江夏 あかね

要約

  1. 「改正GX(グリーン・トランスフォーメーション)推進法」(脱炭素成長型経済構造への円滑な移行の推進に関する法律)が2025年5月28日、成立した。本法律は、二酸化炭素(CO2)の排出量が一定規模以上の事業者に対して、2026年度から本格稼働予定の排出量取引制度(GX-ETS)への参加を義務付けること等が柱となっている。
  2. 改正GX推進法には、対象事業者の範囲、排出枠の無償割当、排出枠取引市場、価格安定措置、移行計画の策定に関する内容が盛り込まれたが、2025年度末までに策定が予定される経済産業大臣による実施指針にて詳細が明らかになる見込みである。金融資本市場において、実施指針に関して注目が集まる可能性がある点としては、(1)ベンチマーク対象業種及び削減水準、(2)上下限価格の範囲、(3)移行計画に含まれる内容、が挙げられる。

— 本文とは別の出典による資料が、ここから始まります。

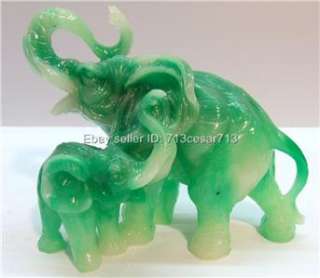 Chinese Oriental JADE Feng Shui Lucky Elephant w/Baby  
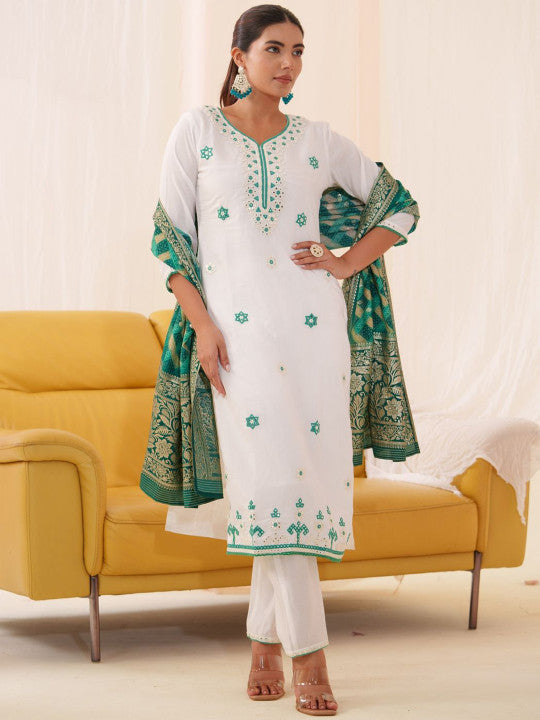 Suha Women Embroidered Kurta with Trousers & Dupatta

  3. 排出量取引制度が2050年カーボンニュートラル目標達成に向けて意義のある仕組みとなるための主な論点としては、(1)市場参加者、企業、国民に対する理解可能性の促進、(2)制度の信頼性確保、(3)2050年カーボンニュートラル目標との整合性の維持、が挙げられる。

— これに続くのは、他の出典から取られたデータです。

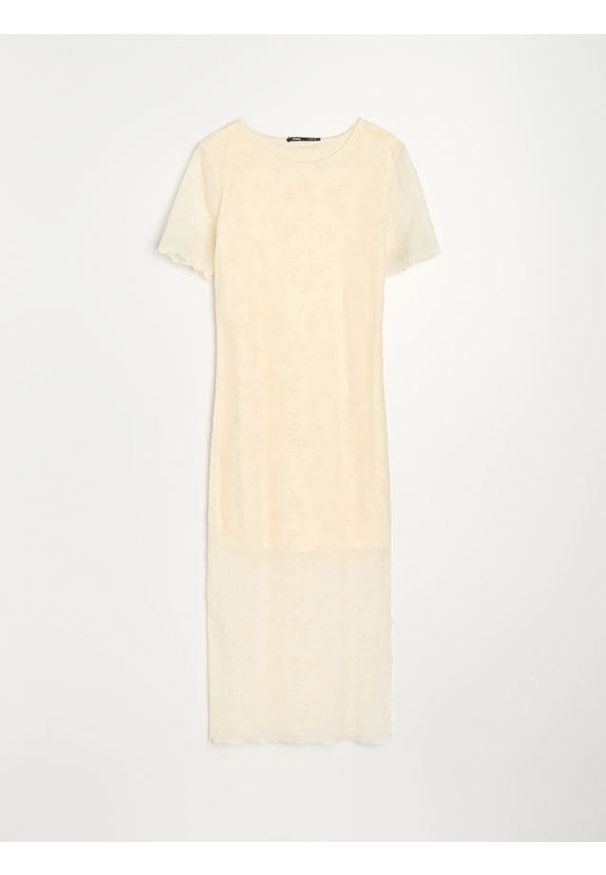 Sinsay - Sukienka z koronkowym wzorem kwiatowym - kremowy. Kolor: kremowy. Materiał: koronka. Wzór: kwiaty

  4. 理解可能性の促進の観点から、金融資本市場においても、また日本の社会全体においてもカーボンプライシングの考え方が正しく理解されていけば、投資家がカーボンプライシングも意識しながら脱炭素化社会に向けて最適な事業ポートフォリオの構築にコミットする企業を、投資先として選好する流れがより鮮明化する可能性がある。また、そのような動きが広まれば、資金の流れが脱炭素化を後押しすることも期待される。